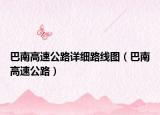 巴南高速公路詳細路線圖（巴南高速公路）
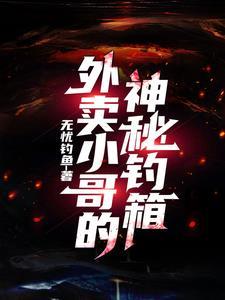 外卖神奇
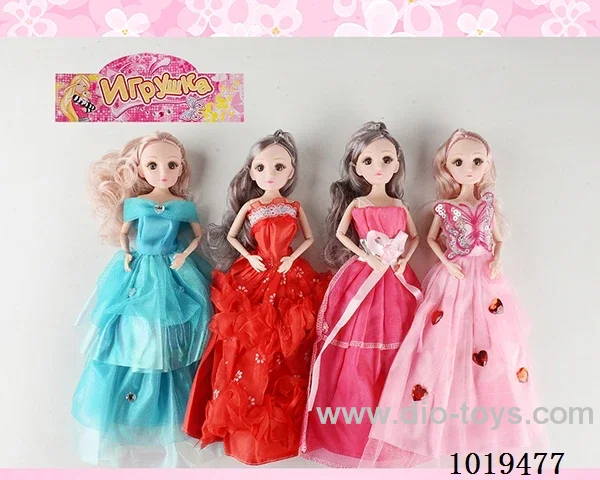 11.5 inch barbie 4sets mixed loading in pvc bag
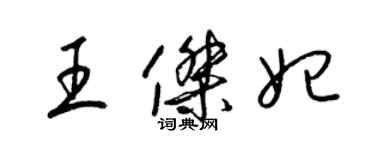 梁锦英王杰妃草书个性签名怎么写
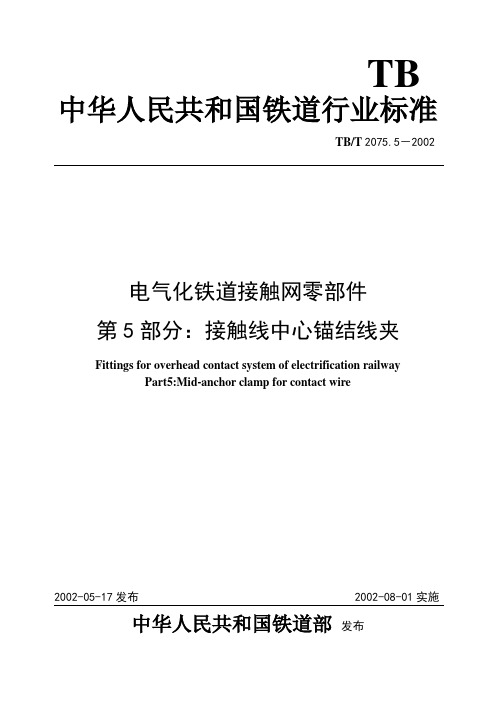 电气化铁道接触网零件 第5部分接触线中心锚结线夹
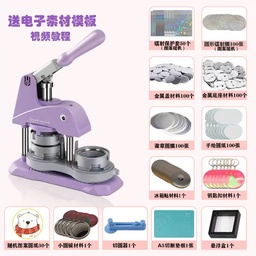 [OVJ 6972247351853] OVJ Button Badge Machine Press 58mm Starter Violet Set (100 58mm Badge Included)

---

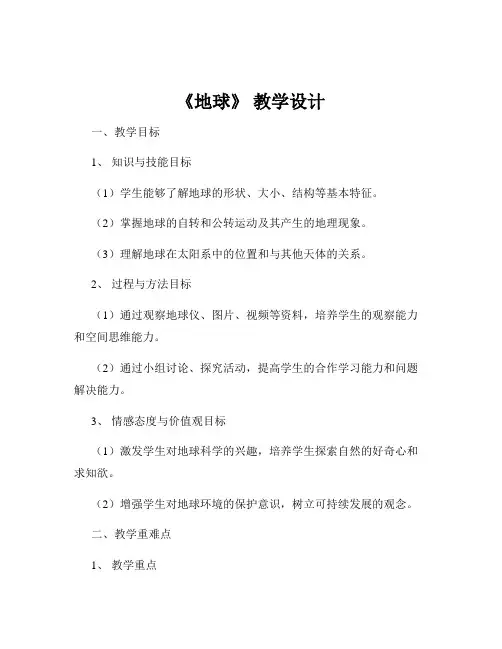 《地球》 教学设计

---

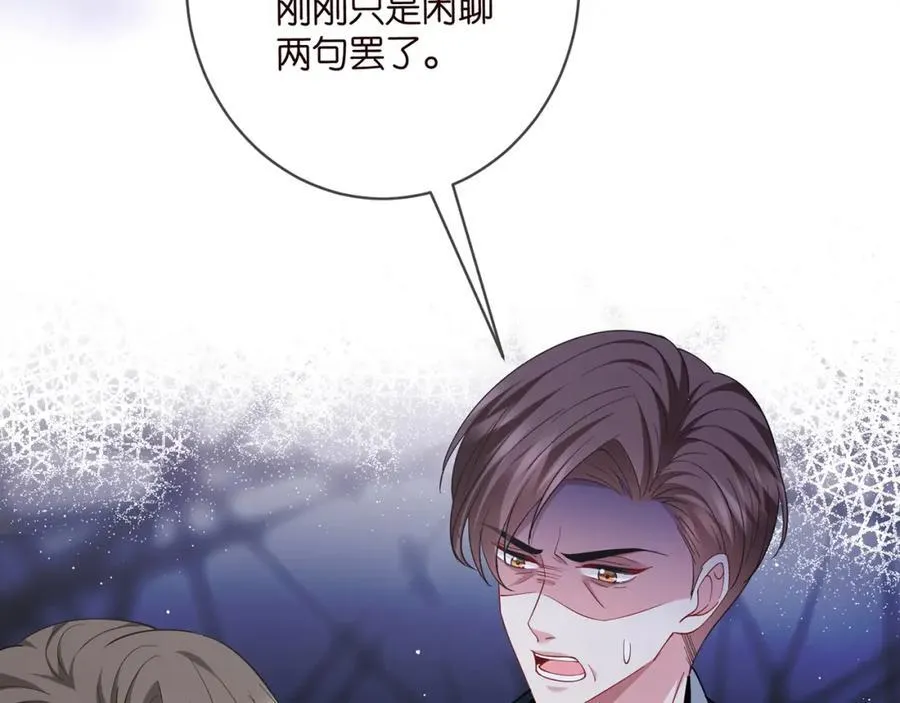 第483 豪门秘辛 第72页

-- Your assignment --
Treat the line with "巴南高速公路詳細路線圖（巴南高速公路）" as the start and the line with "[OVJ 6972247351853] OVJ" as the end, and return exactly that span of the data above, both ends included, without pictures.

-- Task response --
 巴南高速公路詳細路線圖（巴南高速公路）
 外卖神奇
 11.5 inch barbie 4sets mixed loading in pvc bag
 梁锦英王杰妃草书个性签名怎么写
 电气化铁道接触网零件 第5部分接触线中心锚结线夹
 [OVJ 6972247351853] OVJ Button Badge Machine Press 58mm Starter Violet Set (100 58mm Badge Included)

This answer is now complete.